Par dernières conclusions notifiées le 15 avril 2022, la Sas EM2C demande à la cour d'appel, au visa des articles L. 441-6 alinéa 12 du code de commerce, 909 et 700 du code de procédure civile d'infirmer le jugement en toutes ses dispositions, sauf :

- le rejet de la demande de contre-expertise,

- la condamnation de la Sci des [Adresse 4] à verser à la Sas EM2C un article 700 du code de procédure civile en première instance,

et de :

- prendre acte qu'à ce jour, la Sci des [Adresse 4] a réglé à la société EM2C la somme de 6 920 euros TTC suite à l'exécution de la décision ;

- retenir la somme de 4 500 euros TTC chiffrée par M. [R] [E], expert en termes de reprises ;

- prendre acte également que la Sci des [Adresse 4] a refusé l'accès à la Sas EM2C pour finaliser les travaux et que de ce fait et au vu de la réfaction de la somme de 4 500 euros, la Sas EM2C n'interviendra pas sur les reprises ;

- condamner la Sci des [Adresse 4] à verser à la Sas EM2C la somme de 13 920 euros après compensation entre la somme due en principal

18 420 euros et le montant des reprises à hauteur de 4 500 euros, plus intérêts au taux légal à compter du 31 décembre 2015 ;

- assortir le tout de l'intérêt au taux légal majoré de 3 fois à compter de la mise en demeure du 8 avril 2015 ;

- condamner M. [M], gérant de la Sci des [Adresse 4] à assumer les responsabilités du fait du cumul du rôle de maître d'ouvrage et de maître d''uvre ;

- condamner la Sci des [Adresse 4] à verser à la Sas EM2C la somme de 5 000 euros sur le fondement de l'article 700 du code de procédure civile ;

- condamner la même aux entiers dépens y compris les frais d'expertise qui devront rester à la charge de la Sci des [Adresse 4] ;

à titre subsidiaire, si la responsabilité de la Sas EM2C devait être engagée au-delà de ce qui précède, celle-ci demande à ce que cette responsabilité soit solidairement partagée avec la Sci des [Adresse 4] représentée par M. [M] qui a cumulé les fonctions de maître d'oeuvre et maître de l'ouvrage.

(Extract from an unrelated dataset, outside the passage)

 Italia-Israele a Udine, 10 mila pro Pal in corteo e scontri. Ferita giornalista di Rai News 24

Elle soutient ce qui suit :

- l'ouvrage a été réceptionné tacitement ;

- M. [M], représentant légal du maître d'ouvrage a endossé le rôle de maître d''uvre ;

- il s'est immiscé dans la conduite du chantier ;

- il a réalisé et présenté les plans dimensionnés de la passerelle ;

- elle n'avait pas en charge la pose des fers de fixation mais s'est contentée de les fournir gratuitement sur pression de M. [M] ;

- le génie civil comprend la partie souterraine d'un ouvrage et l'assise dudit ouvrage, y compris les fondations ;

- elle n'a pas réalisé les fondations mais n'a fait que vérifier les entraxes de gougeons, le surplus ne relevant pas de sa compétence.

- ce n'est qu' au cours de l'expertise qu'il a été constaté que les fondations ont été réalisées sur la fosse d'écoulement des eaux, ce qui est strictement interdit.

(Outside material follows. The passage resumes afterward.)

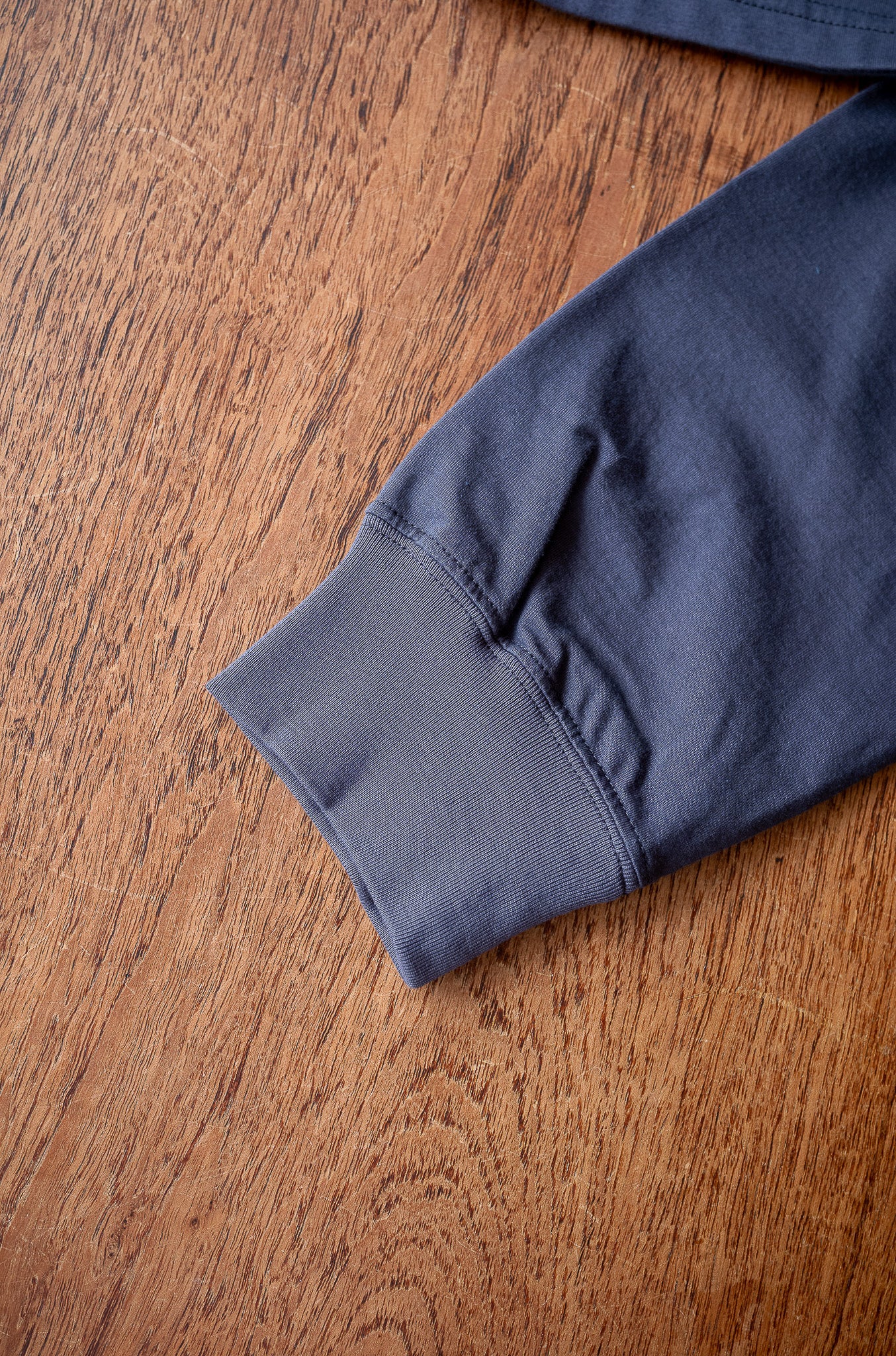 Essential L/S Tee 〔GRAY〕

L'ordonnance de clôture a été prononcée le 4 mai 2022.

MOTIFS

Sur la demande d'expertise

Le tribunal, après avoir visé l'article 232 du code de procédure civile, a relevé que les opérations d'expertise n'étaient pas arguées de nullité ; qu'en outre, les qualifications juridiques avancées par l'expert ne le liaient pas, conformément à l'article 246 du code de procédure civile, et que de même les analyses comportementales de l'expert n'avaient pas d'influence sur l'issue du litige.

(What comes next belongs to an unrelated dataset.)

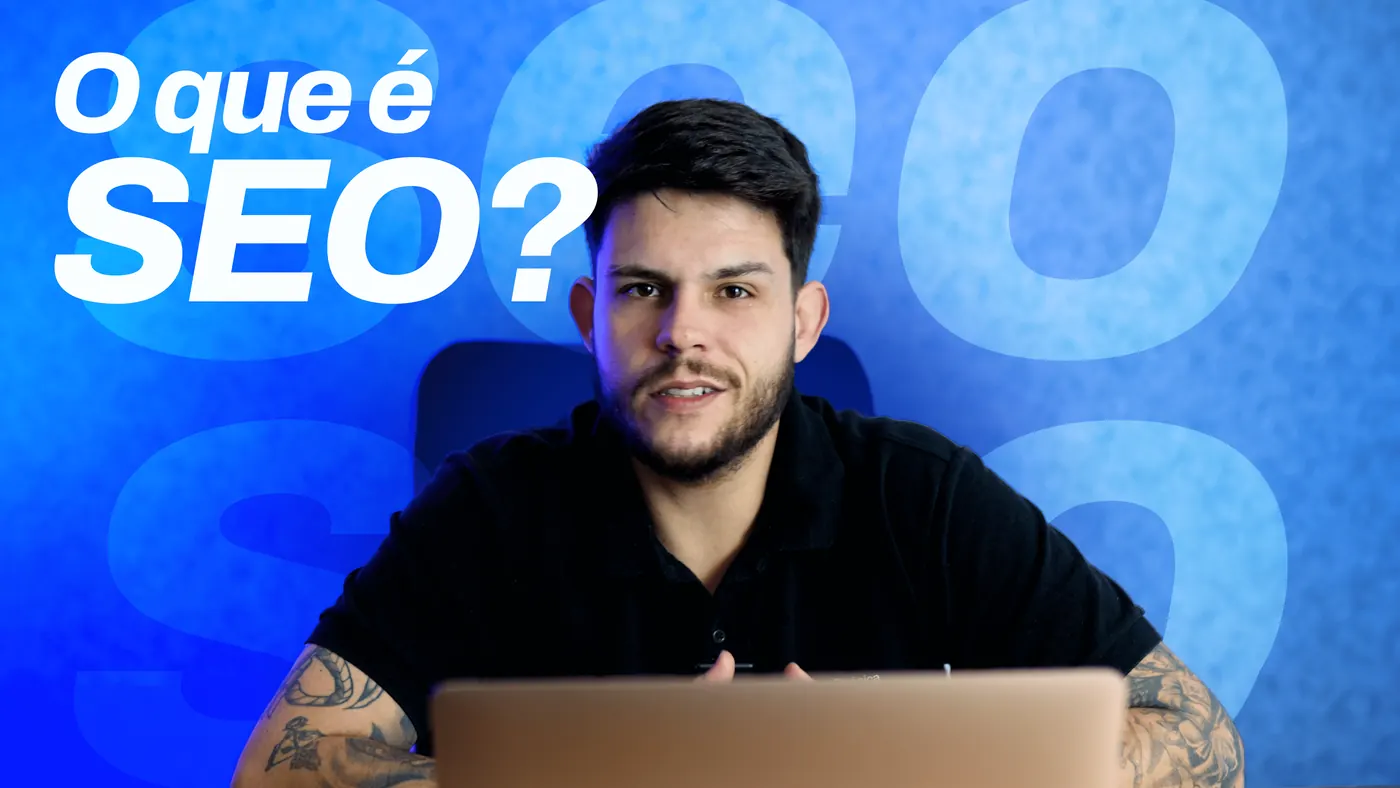 Especialista da Busca Orgânica explicando o que é SEO no canal do YouTube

Il a relevé qu'agissant dans son domaine de compétence, l'expert avait apporté un éclairage sur les désordres affectant l'ouvrage, notamment sa fragilité, et leurs causes, qu'aucune défaillance dans l'analyse technique n'était démontrée, et que si l'estimation du montant des travaux de reprise était approximative, cette situation était due à l'absence de collaboration des parties, et à la mauvaise foi de la Sci des [Adresse 4] elle-même, qui avait produit des devis 'non sincères', sans aucun détail. Il observait manifestement que le devis Eurométal sur laquelle elle persiste à fonder ses demandes porte sur la reprise totale de l'ouvrage alors qu'un ouvrage conforme à celui commandé peut être réalisé par la réalisation du programme de travaux préconisé par l'expert.

Il sera ajouté que l'avis du bureau d'études [X], réalisé unilatéralement à la demande de la Sci des [Adresse 4], et qui notamment prévoit un programme de reprise plus complet, n'a pas été soumis à l'expert judiciaire. Il ne contient lui-même aucune référence au point de vue de l'expert judiciaire ni ne le critique expressément. Il ne saurait donc être retenu afin de combattre les conclusions de ce dernier, à défaut de tout débat technique.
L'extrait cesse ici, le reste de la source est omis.